The committee focused on the way that the animals are slaughtered. The report is absolutely explicit - procedures employed are cruel. The scientists pointed out that, "Killing of animals kept for fur production should only be carried out with humane methods." In other words, this is definitely not the case at the moment. Currently the animals are most often gassed or electrocuted and they do not die a rapid death.

Ulcers


Before they come to this sad end, the animals have to suffer degrading conditions of captivity. Minks, for example, end up with stomach ulcers because they become so stressed. Irrational behaviour is extremely frequent. This manifests itself in various forms and can even include self-mutilation. Why? Quite simply because they live in unsuitable cages that are too small.
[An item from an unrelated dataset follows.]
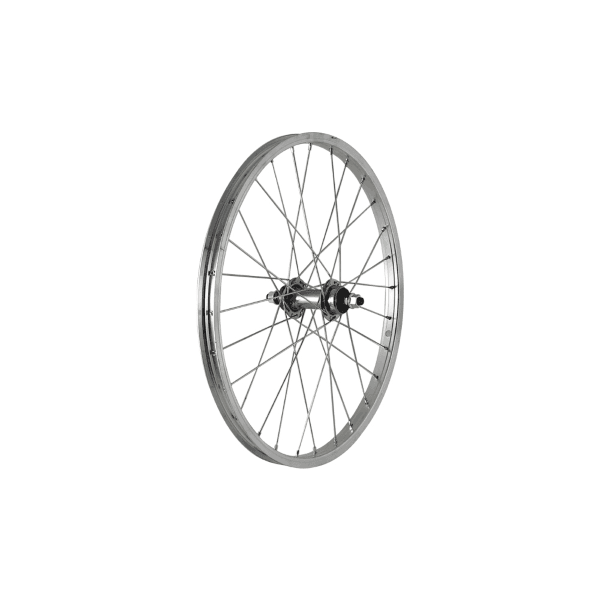Ruota posteriore 20x1.75 Touring 1 v.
Furthermore, the report notes that, "farmed minks like to be able to swim". But they hardly ever have the opportunity to do so.

The "breeders" are not concerned, of course, even though this can fall back on them. Farmed minks have great difficulty in reproducing. According to the report, "The death rate in mink kits can be up to 30%", with a 2-5% adult mortality.

Self-mutilation


Foxes are treated no better. They are also deprived of physical activity. There are none of their beloved tunnels in the narrow cages. So they also perform acts of self-mutilation. They are especially terrified of human beings. Once again, the young death rate is above normal. Chinchillas are kept in inadequate cages and hurt themselves every time they try to jump.

Prescribed measures


In view of the situation, the scientific committee recommends a whole gamut of measures. If applied, they would realistically see the end of the torture farms. It is stipulated that, "farmers [...] should be authorised to keep animals for fur production only if properly trained in all aspects of their biology, welfare and management." They should also keep an up-to-date register of all illnesses encountered on the farm, along with the rate of mortality. Their farms "should be inspected at least once a year".

The report also states that cages should be completely re-designed so as to ensure a necessary level of comfort. The scientists also felt it necessary to offer advice such as making sure that wounded animals are treated, as this is not obvious to the farmers apparently. Lastly, they also recommended that animals no longer be taken from the wild.